*WHAT IS REQUIRED*
Set the pictures aside and transcribe exactly the lines from the one containing "Hostal Restaurante Avenida" through the final line of the records.

#### DATA PROVIDED

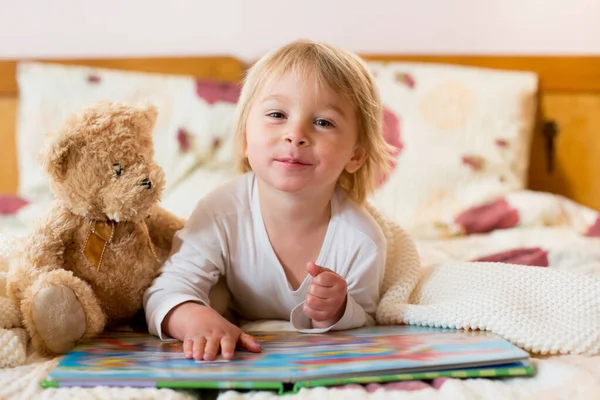 Schattig Blond Peuter Kind Lezen Boek Croissant Eten Bed Gelukkig — Stockfoto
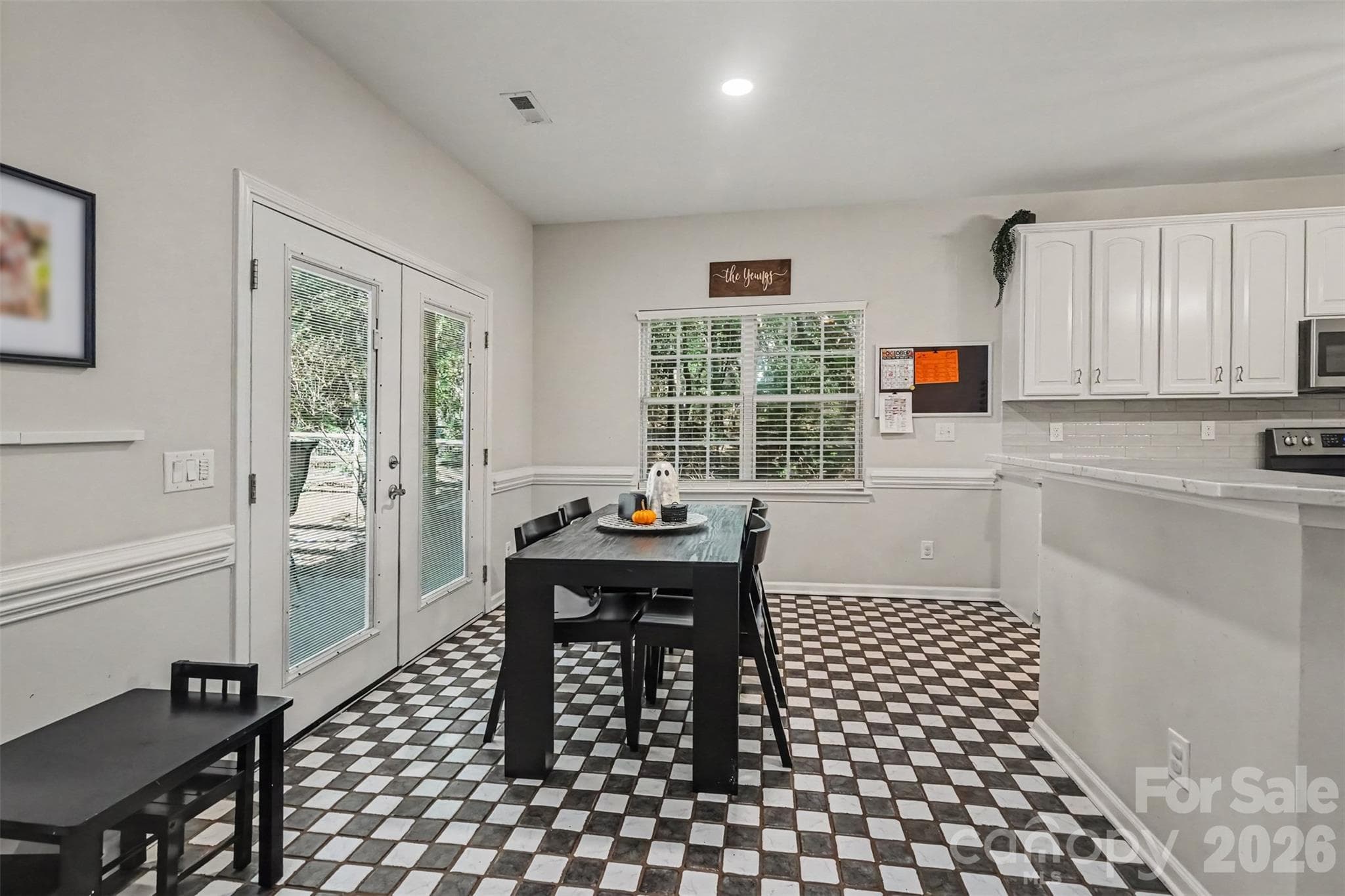 Single Family Residence at 8610 Ellington Park Drive, Charlotte, photo 13 of 29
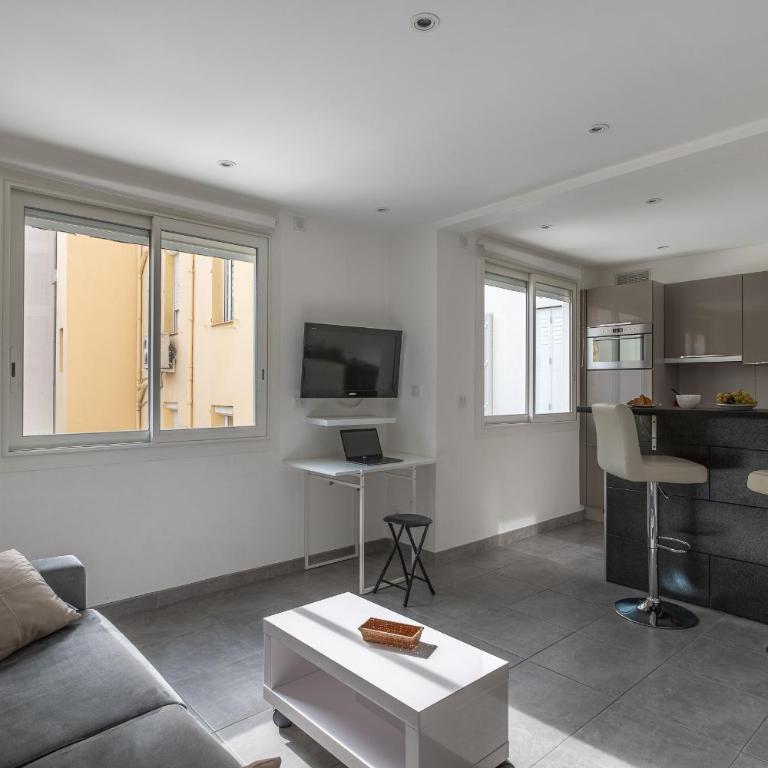 Le Lecerf- Superbe studio-Centre-ville-Plages et Palais - Apartment mit 1 Schlafzimmer - 6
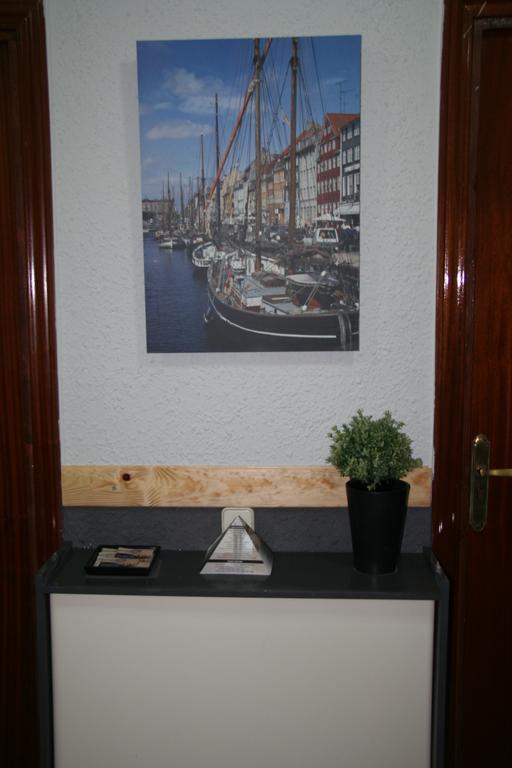 Hostal Restaurante Avenida De Madrid Terrassa Eksteriør bilde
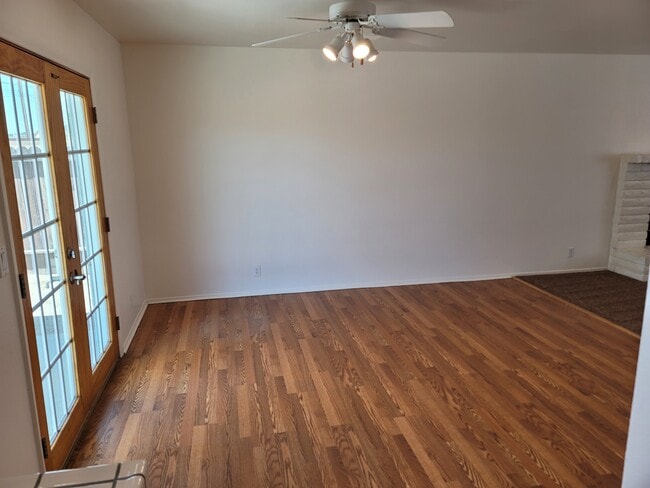 Photo - 9230 Karen Ave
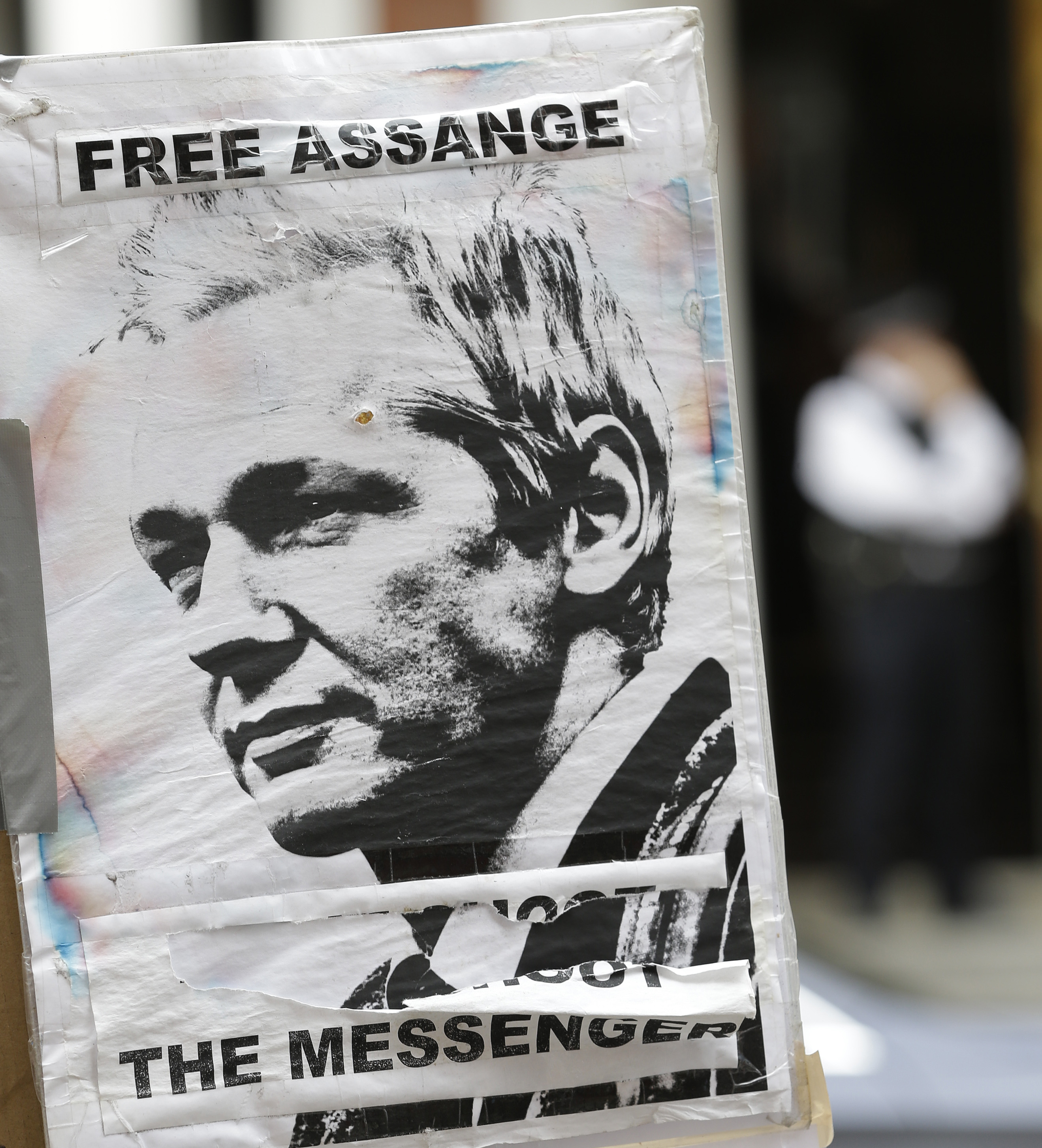 Valdtakt, Piratpartiet, Julian Assange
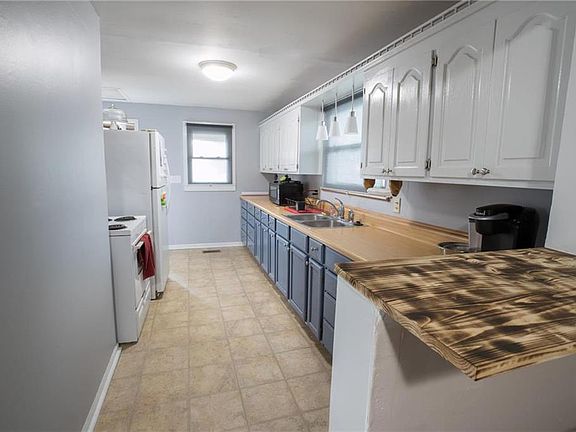 4th image of 1883 S 7th St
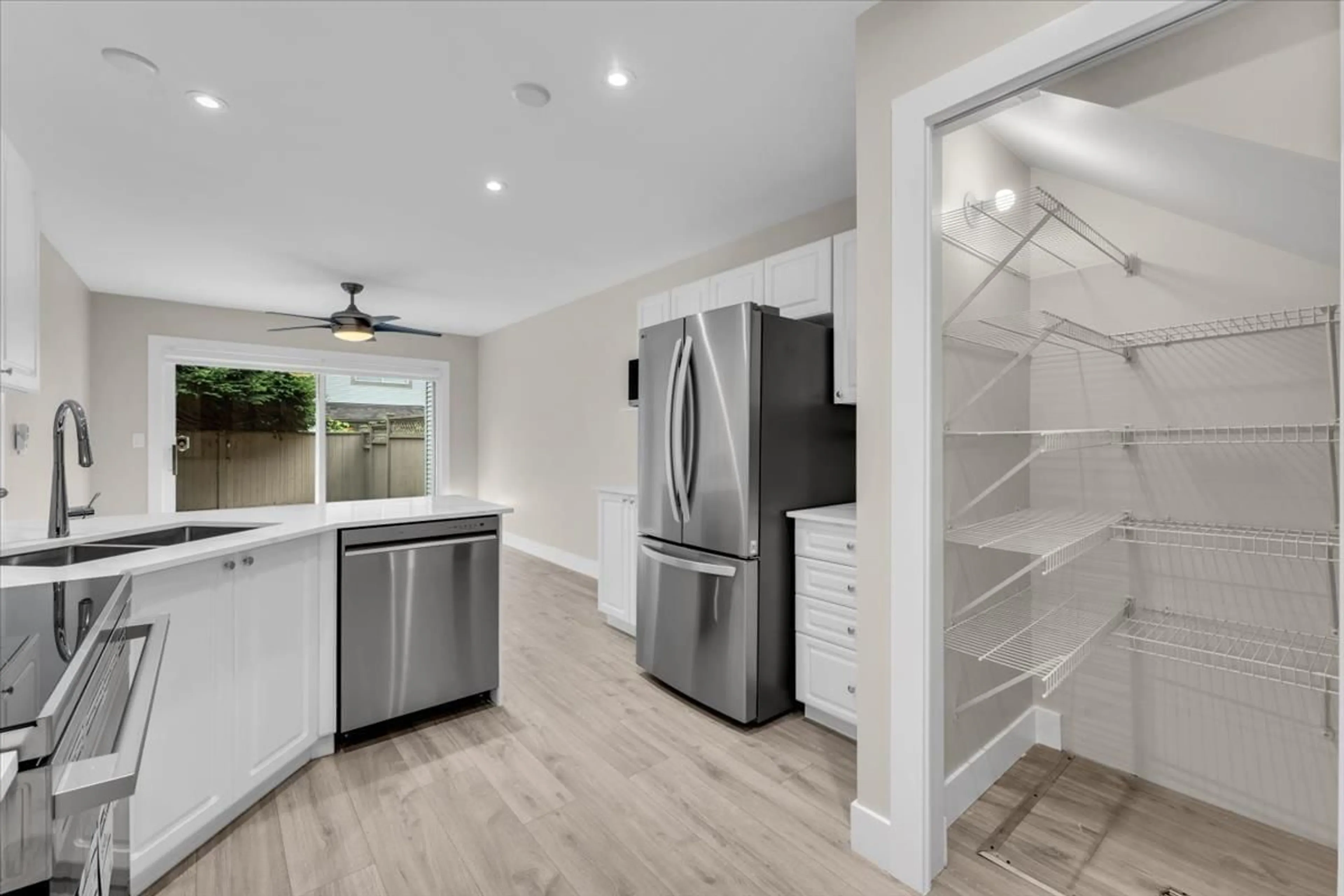 Open concept kitchen, unknown for 42 - 12165 75 AVENUE, Surrey British Columbia V3W0W7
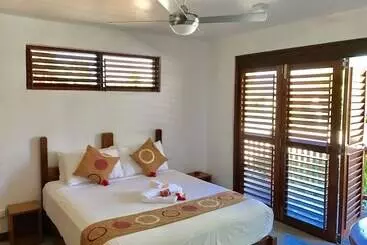 هتل Tanna Evergreen Resort & Tours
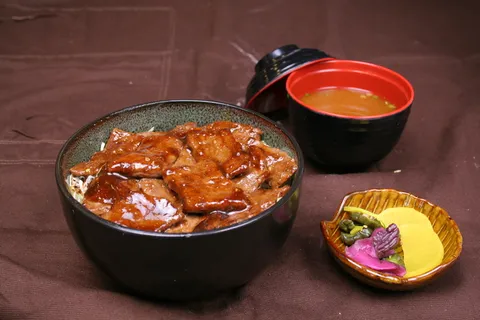 焼肉盖饭牛肉   焼肉盖饭牛肉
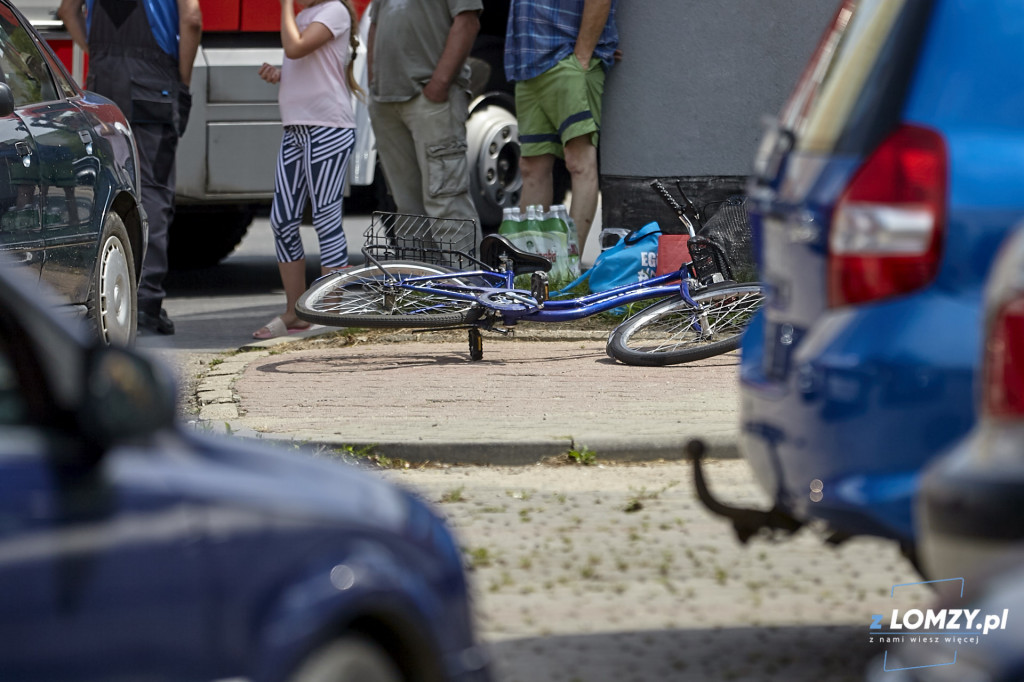 Potrącenie rowerzystki. Kobieta w szpitalu [FOTO]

########

*TASK RESPONSE*
 Hostal Restaurante Avenida De Madrid Terrassa Eksteriør bilde
 Photo - 9230 Karen Ave
 Valdtakt, Piratpartiet, Julian Assange
 4th image of 1883 S 7th St
 Open concept kitchen, unknown for 42 - 12165 75 AVENUE, Surrey British Columbia V3W0W7
 هتل Tanna Evergreen Resort & Tours
 焼肉盖饭牛肉   焼肉盖饭牛肉
 Potrącenie rowerzystki. Kobieta w szpitalu [FOTO]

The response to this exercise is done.